It is the biggest British initial public offering (IPO) of the year. It’s an exciting high-tech firm, making a success of one of the world’s fastest growing industries.
Over only a few years it has turned itself into a company worth more than £4bn, a sum easily big enough to propel it straight into the FTSE. There’s just one snag. The company is King Digital Entertainment, and this week it listed in New York rather than London.
This is worrying because, if the City can’t host Britain’s new high-tech stars, it will lose its purpose. If it can’t attract the next two or three big tech floats, it is going to end up about as interesting as the Paris or Frankfurt markets.
King may not be a broadly based business, but it’s a huge success. Candy Crush Saga is the world’s most downloaded app, and one of the most profitable. In February, more than 144 million people played its games. Last year, it made profits of $714m. Revenues grew to $602m in the final quarter, from $22m in the first quarter of 2012.
True, it faces challenges. The bulk of its revenues come from Candy Crush Saga, and the loyalty of teenagers to the latest game they play on their phones is not exactly rock solid. The stock market has been burned before by high-flying app and games firms. Zynga, which makes games for Facebook, was briefly a hit on the market before people started to tire of its hit FarmVille game.

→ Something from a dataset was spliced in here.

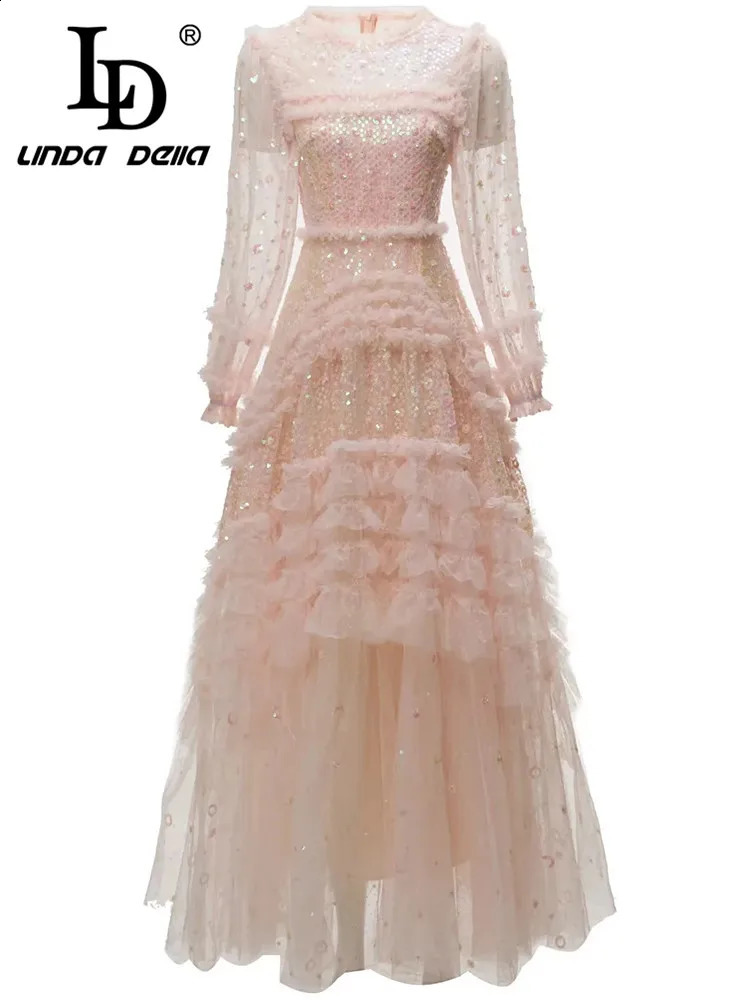 LD LINDA DELLA Style Fashion ner multicolor Dress Womens Extra large Sequins Cascading Ruffle Lace Splice Long 250228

The Finnish games-maker Rovio Entertainment has struggled to come up with anything as popular as Angry Birds. Many of these companies are about as stable as a row of jelly beans in a game of Candy Crush.
But the real question isn’t whether it’s a good investment – only time will tell. It’s why it decided to list in New York and not London. This is mainly a British firm, founded in London and Stockholm, backed by London-based venture capitalists. The City should have been its natural home. And it is far from alone.
Markit, the innovative financial data provider, is also planning to list in New York. Wonga, the controversial, but hugely successful payday lender, has been reported to be eyeing a New York listing. So has Mind Candy, another fast-growing games and app designer.
The UK has managed to create and build some flourishing internet firms over the past decade, and London has created a technology hub that is among the best in the world. In Europe, only Finland and Sweden come close, and they are far smaller economies. But the City has not managed to bring these firms on board.
There are some understandable reasons for that. Tech companies like to be among their peers, and the US has a huge lead in internet-based businesses. The fund managers and analysts who understand tech stocks are clustered there, and the story a company has to tell is likely to be better understood, and more favourably listened to. The IPO will probably get a better rating – meaning more money for its founders and backers.
The trouble is, a stock market needs the best and fastest-growing companies to remain relevant. London has had a few successful floats in the last few months. But they are firms such as Royal Mail or discount retailer Poundland. Only the online electrical retailer AO World has been an internet play.
The only tech company of note on the London market is the fashion retailer ASOS, and that has chosen to stay on Aim rather than graduate to the main exchange.
The London Stock Exchange has already moved to loosen its rules to make itself more attractive to tech companies. For example, the percentage of shares that have to be issued for firms to qualify has been reduced – tech companies often have founders who hang on to the bulk of the stock. But it needs to do more.
The trend over the last decade has been to keep raising the regulatory bar, introducing ever more complex governance requirements for quoted companies.
The intentions behind this trend may be good. The market needs to be kept safe from crooks and fraudsters. But while the likes of Royal Mail and Pets At Home don’t mind a lot of box-ticking forms, tech entrepreneurs hate them. There is no point in having a completely safe market that has also got rid of all the exciting, growth businesses.
If the regulations need to be rolled back, then so be it – as long as investors know there is a risk, they can take their own chances.
But perhaps what is most needed is a change of mood among the City banks and, most of all, the fund managers. There is still a tendency to dismiss the likes of King as flimsy, of Wonga as exploitative, and Mind Candy as faddish.
But Twitter is a one-product company, and Google has never really made money out of anything except its search engine. Apple has gone in and out of fashion over the years – but when the hits started, it became the biggest company in the world.
The banks and fund managers need to embrace the new wave of tech floats. That is where the real profits will come from. One thing is certain. If London can’t attract the next two or three technology floats, it won’t get any of them.
No one wants to be the only tech company on the market. It will be game over, as they might say over at King’s headquarters.